> WHAT YOU NEED TO DO
Could you copy every entry exactly, dropping the pictures?

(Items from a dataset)
===============

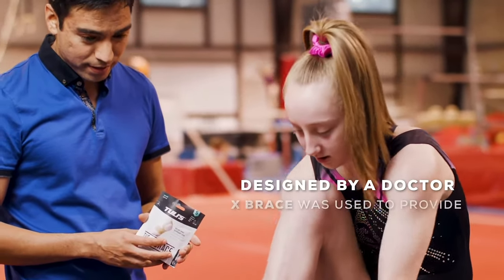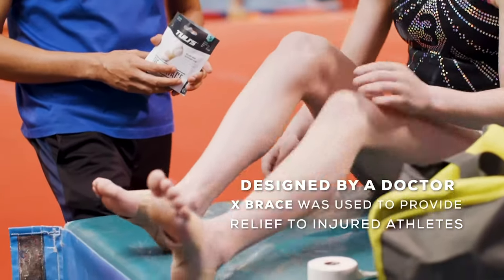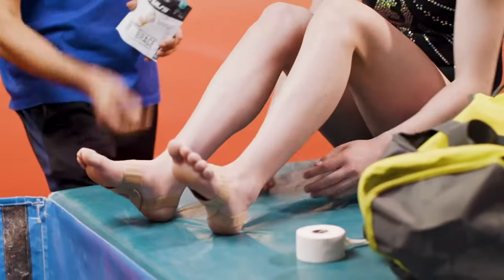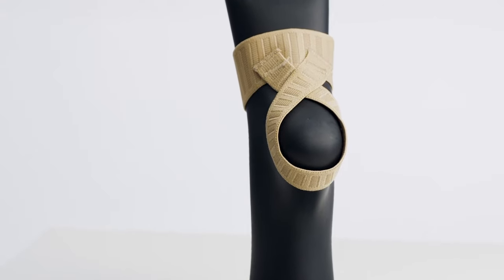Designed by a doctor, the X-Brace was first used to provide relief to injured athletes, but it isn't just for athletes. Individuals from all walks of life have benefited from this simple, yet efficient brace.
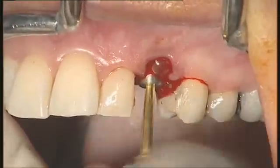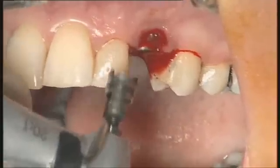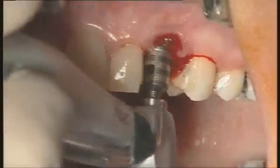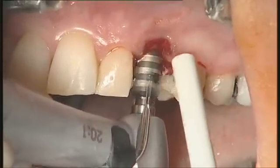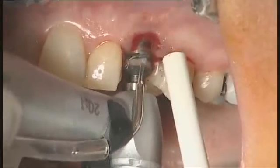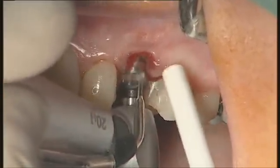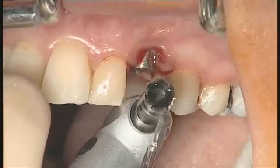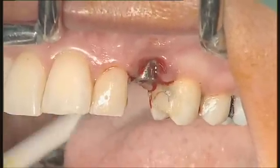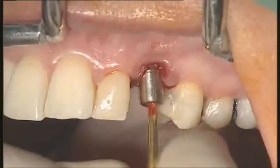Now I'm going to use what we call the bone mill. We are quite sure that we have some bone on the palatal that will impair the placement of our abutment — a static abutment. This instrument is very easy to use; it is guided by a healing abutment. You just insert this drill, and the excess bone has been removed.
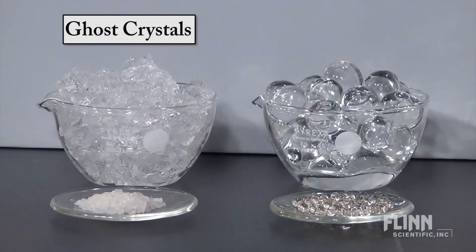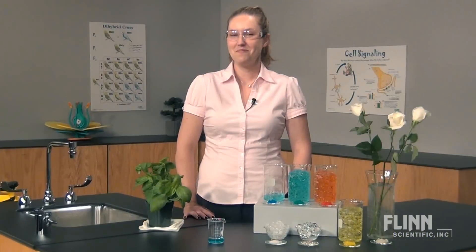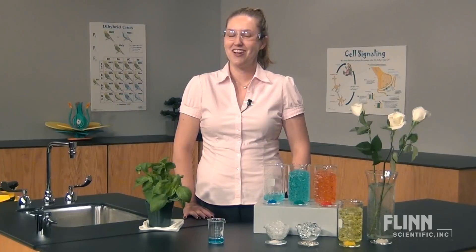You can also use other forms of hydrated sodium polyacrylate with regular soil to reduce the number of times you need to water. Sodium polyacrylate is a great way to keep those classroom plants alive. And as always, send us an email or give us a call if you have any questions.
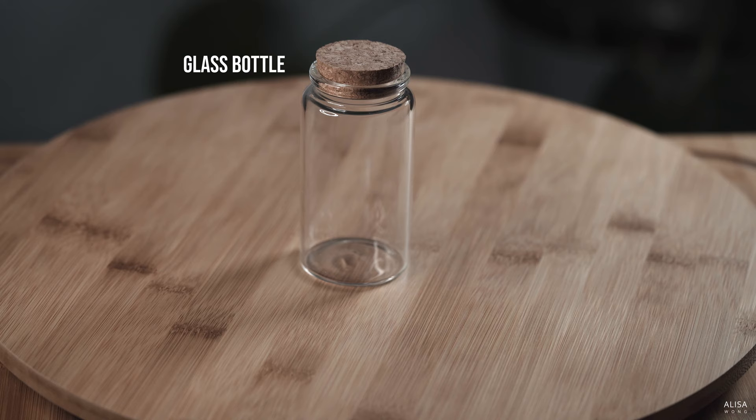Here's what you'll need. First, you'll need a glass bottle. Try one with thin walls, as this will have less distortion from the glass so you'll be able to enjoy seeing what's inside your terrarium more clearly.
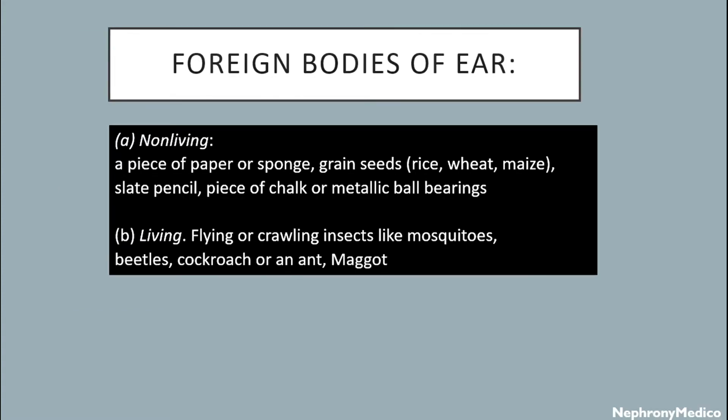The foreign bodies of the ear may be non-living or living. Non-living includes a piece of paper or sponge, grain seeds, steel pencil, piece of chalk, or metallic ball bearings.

===============

> RESPONSE FOR THIS EXERCISE
Designed by a doctor, the X-Brace was first used to provide relief to injured athletes, but it isn't just for athletes. Individuals from all walks of life have benefited from this simple, yet efficient brace.
Now I'm going to use what we call the bone mill. We are quite sure that we have some bone on the palatal that will impair the placement of our abutment — a static abutment. This instrument is very easy to use; it is guided by a healing abutment. You just insert this drill, and the excess bone has been removed.
You can also use other forms of hydrated sodium polyacrylate with regular soil to reduce the number of times you need to water. Sodium polyacrylate is a great way to keep those classroom plants alive. And as always, send us an email or give us a call if you have any questions.
Here's what you'll need. First, you'll need a glass bottle. Try one with thin walls, as this will have less distortion from the glass so you'll be able to enjoy seeing what's inside your terrarium more clearly.
The foreign bodies of the ear may be non-living or living. Non-living includes a piece of paper or sponge, grain seeds, steel pencil, piece of chalk, or metallic ball bearings.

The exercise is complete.